PolySandbox is a universal sandbox orchestrator that lets you:

Run Python code safely in isolated backends (Daytona, E2B, Docker)
Evaluate model-generated code from datasets like MBPP and HumanEval
Automatically score correctness and capture runtime metrics
Compare sandbox performance (speed, reliability, success rate) side-by-side
Interact through a simple FastAPI backend and a Streamlit UI

In short: one click → any sandbox → consistent results.

How I built it

Backend: FastAPI server that exposes /run_single, /run_agent , run_batch endpoints for different sandboxes
Adapters: Modular clients for Daytona, E2B, and Docker, each implementing a shared interface (SandboxClient)
Evaluator: Unified pipeline that executes code, measures runtime, and normalizes outputs into a common ExecutionResult schema
Datasets: Integrated loaders for MBPP and HumanEval via Hugging Face
Frontend: Streamlit app that lets users pick a backend, edit code, and visualize results in real time
Testing & Tooling: Built and managed using uv, pytest, and async test harnesses

Challenges I ran into

Orchestrating multiple sandbox APIs — Each platform (Daytona, E2B, Docker) had unique authentication, request formats, and runtime limits. Normalizing these into a single clean interface took careful abstraction.
Error handling and resilience — Handling network timeouts, cold starts, and inconsistent API responses gracefully without crashing the pipeline.
Runtime safety — Ensuring user code executes securely and deterministically inside sandbox containers.
Cross-backend consistency — Guaranteeing that equivalent tests behave identically across environments.
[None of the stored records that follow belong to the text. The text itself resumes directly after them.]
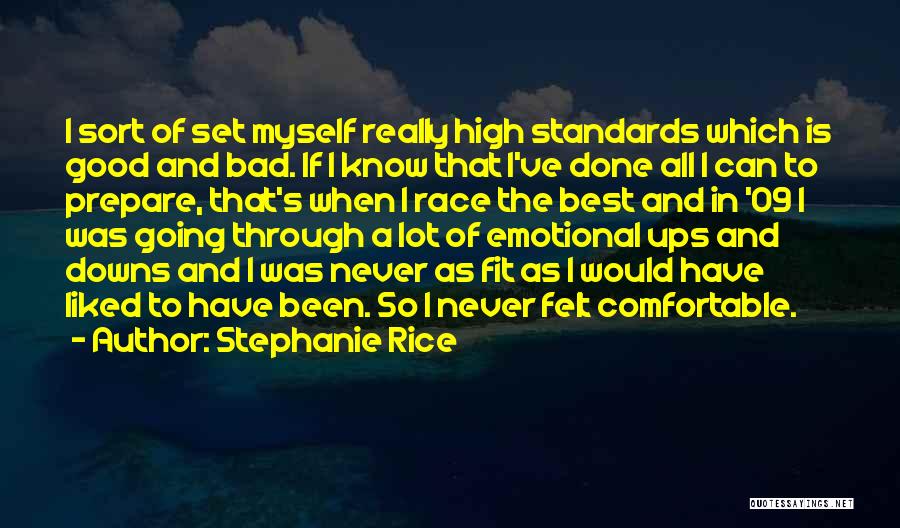 Emotional Ups And Downs Quotes By Stephanie Rice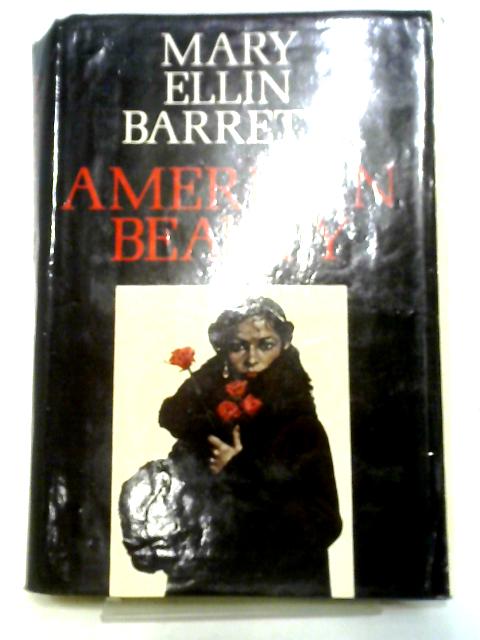 American Beauty By Mary Barrett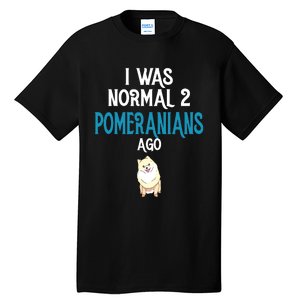 Pomeranian I Was Normal Two Pomeranians Ago Tall T-Shirt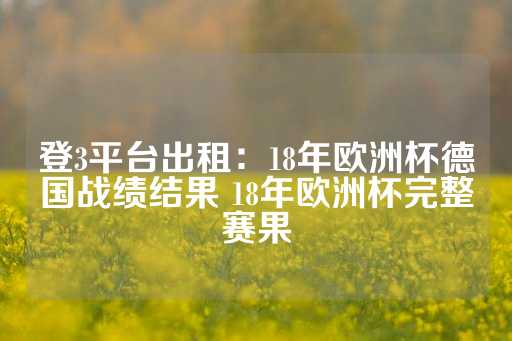 登3平台出租：18年欧洲杯德国战绩结果 18年欧洲杯完整赛果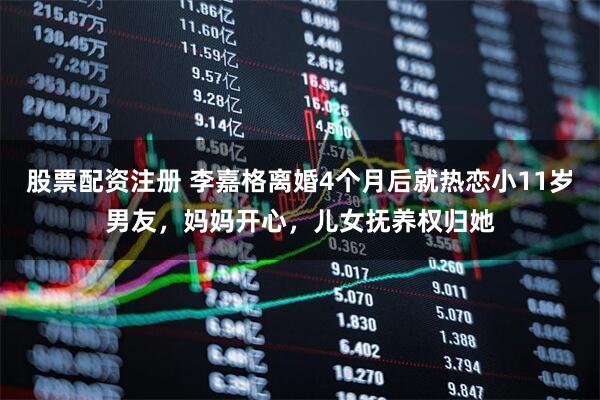 股票配资注册 李嘉格离婚4个月后就热恋小11岁男友，妈妈开心，儿女抚养权归她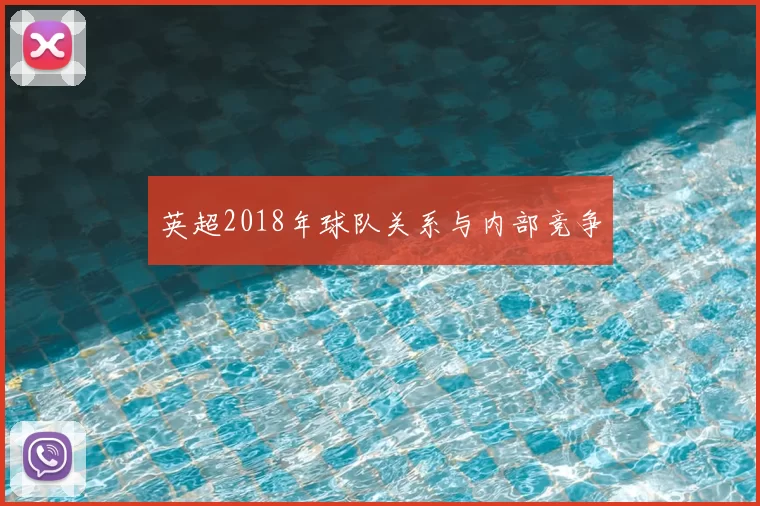 英超2018年球队关系与内部竞争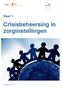 Deel 1 Crisisbeheersing in zorginstellingen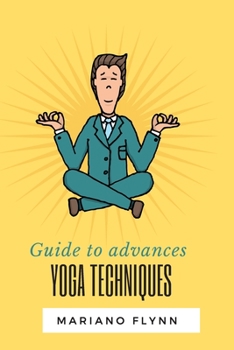 Paperback Guide to advances yoga techniques: Guide for beginners y advanced Book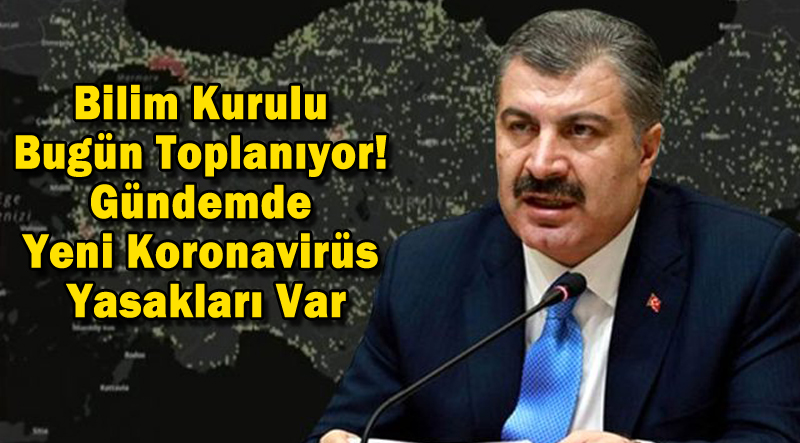 Bilim Kurulu Bugün Toplanıyor! Gündemde Yeni Koronavirüs Yasakları Var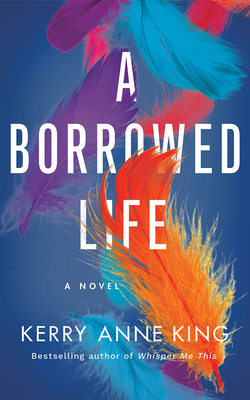 A Borrowed Life: A Novel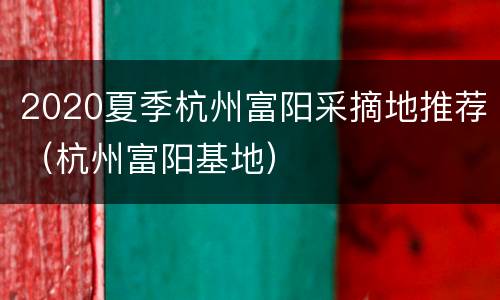 2020夏季杭州富阳采摘地推荐（杭州富阳基地）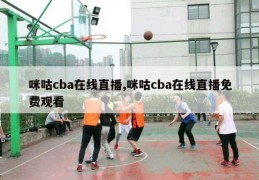 咪咕cba在线直播,咪咕cba在线直播免费观看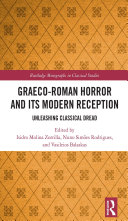 Graeco-Roman Horror and its Modern Reception: Unleashing Classical Dread, Isidro Molina Zorrilla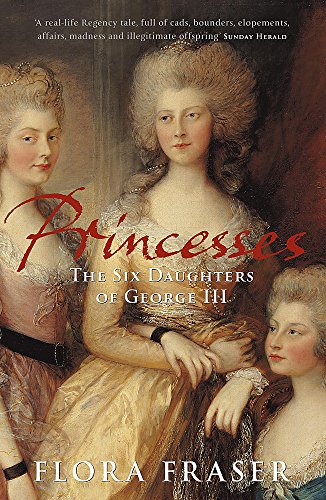 9780719561092: Princesses : The Six Daughters of George III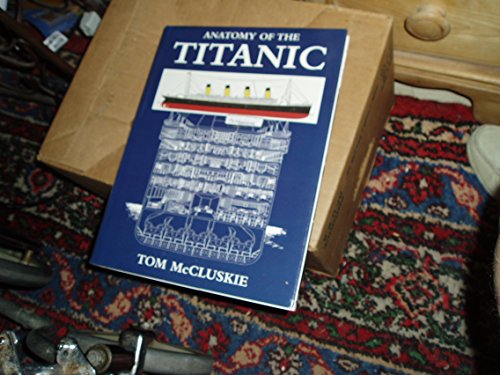 Imagen de archivo de Anatomy of the Titanic a la venta por Ergodebooks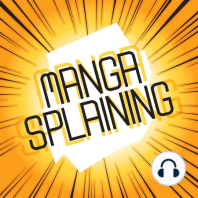 Mangasplaining Ep. 0: Welcome to Mangasplaining!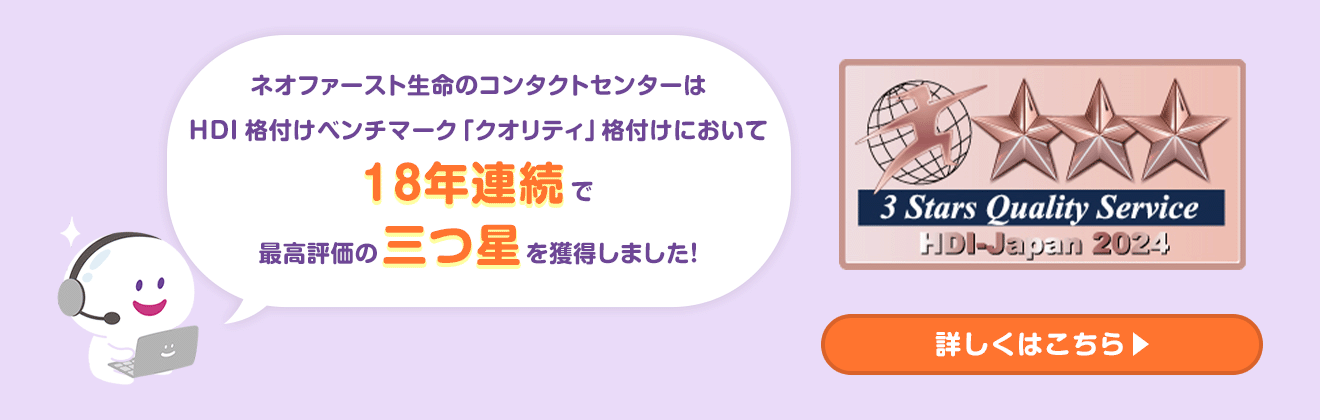 ネオファースト生命のコンタクトセンターはHDI 格付けベンチマーク「クオリティ」格付けにおいて18年連続で最高評価の三つ星を獲得しました!詳しくはこちら
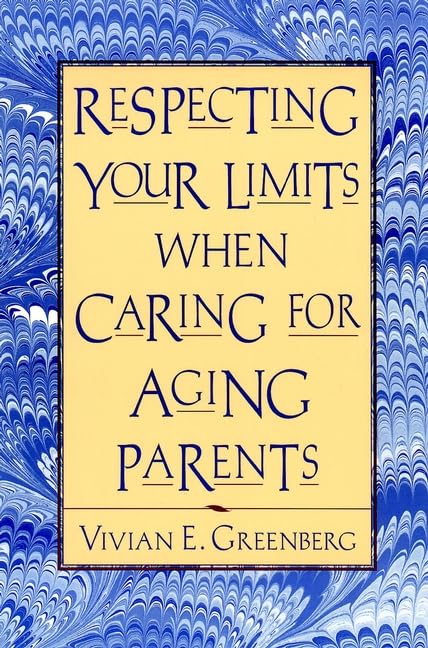 Respecting Your Limits When Caring for Aging Parents,Used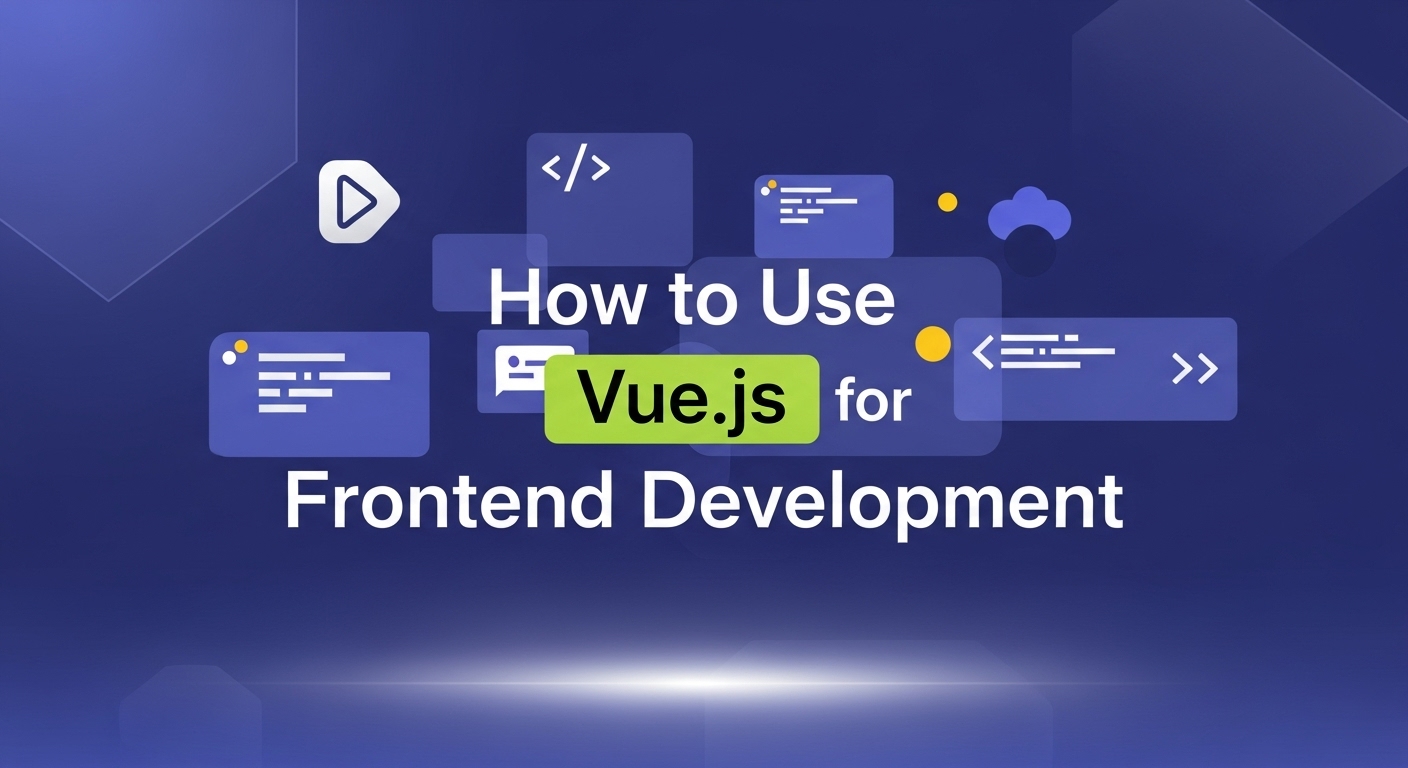 How to Use Vue.js for Frontend Development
Accomplishments I am proud of

Achieved end-to-end runs across three sandbox systems with a single /run call
Built a clean, extensible adapter interface (SandboxClient) that new backends can plug into easily
Integrated benchmark datasets like MBPP for reproducible AI code evaluation
Delivered a working UI → API → Sandbox → Scorer pipeline in under 48 hours
Demonstrated measurable performance improvements on Daytona’s cold starts

What I learned

The importance of interface design in building flexible infrastructure — good abstractions made it possible to add backends rapidly.
How subtle runtime differences between sandbox providers affect reproducibility.
How to balance developer experience and system reliability under tight time constraints.
Deepened understanding of async orchestration and error resilience in distributed systems.

What’s next for PolySandbox

Add cost metrics to compare sandbox providers economically.
Expand datasets (e.g., ARC-AGI, LiveBench) for broader evaluation coverage.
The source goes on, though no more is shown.